Comment dépasser la crise ? Plusieurs réponses s’offrent à nous. La première de ces réponses et de se bander les yeux, se laisser assimiler ou se renfermer sur soi, et vivre comme une bête qui ne cherche que la chaleur du troupeau. La seconde est la violence. Parler ne servant à rien dans le tumulte des uns et des autres, on cherche à faire voir et entendre sa détresse en cassant, en brûlant ou en agressant. Alors, on aggrave son cas puisque les uns brandiront là la preuve de cette différence et que les autres diront « avoir honte » de ressembler à de tels hors la loi. La dernière réponse est celle adoptée par une grande partie des écrivains. De Taos Amrouche à Nina Bouraoui, c’est l’espace-tiers qui est considéré comme un refuge. L’Afrique, pour la première, et Rome pour la seconde, représentent ce « tiret » qui lie les deux côtés de leur identité. Disons qu’avec elles, il ne faut pas écrire Franco-algériennes mais FrancoAfriqueAlgérienne ou FrancoRomAlgérienne. L’espace-tiers peut aussi être signifié par la langue comme c’est le cas chez Aimé Césaire, Patrick Chamoiseau ou Tierno Monénembo. Abdelwahab Meddeb et Rachid Boudjedra intègrent de l’arabe dans leurs romans en français comme pour matérialiser la crise inscrite au plus profond d’eux-mêmes faisant du livre cet espace salvateur. Amin Maalouf, lui, cherche des corps-personnages qui lui donnent la preuve d’une possibilité d’être dans tous les espaces, que la violence historique vécue par les personnages hybrides aboutit à une victoire sur le monde, victoire incarnée par un livre, les Quatrains de Omar Khayyam ou l’autobiographie imaginée de Léon l’Africain. Le livre, c’est l’immortalité. Jean Amrouche, enfin, a fait de son propre corps cet espace-tiers puisqu’il n’avait cesse de dire : « je pense en français et je pleure en kabyle. »

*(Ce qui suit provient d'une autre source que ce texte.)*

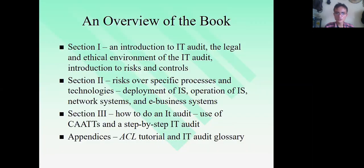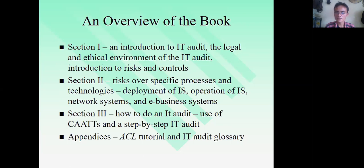Hopefully you've learned something from this session. Make sure to check out the important parts and jot down notes. I'll see you next time for the second part of this particular chapter. Bye for now.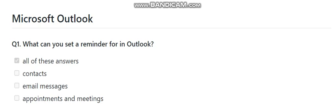Hello guys, this is awesome Dave and today we are going to talk about Microsoft Outlook interview questions and assessment questions with answers. Question number one is: what can you set a reminder for in Outlook? The answer choices are contacts, email messages, appointments, and meetings — and the correct answer is all of these.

La question qui se pose à nous aujourd’hui porte sur le dépassement de LA nationalité culturelle. Quel sens peut-elle avoir dans un monde où les langues circulent librement, où les frontières tendent à s’estomper ? Pour que nous puissions tous avoir notre part dans ce monde, il faudrait que chacun de nous se pose comme l’origine potentielle de la violence, mais aussi du bien-être, des autres.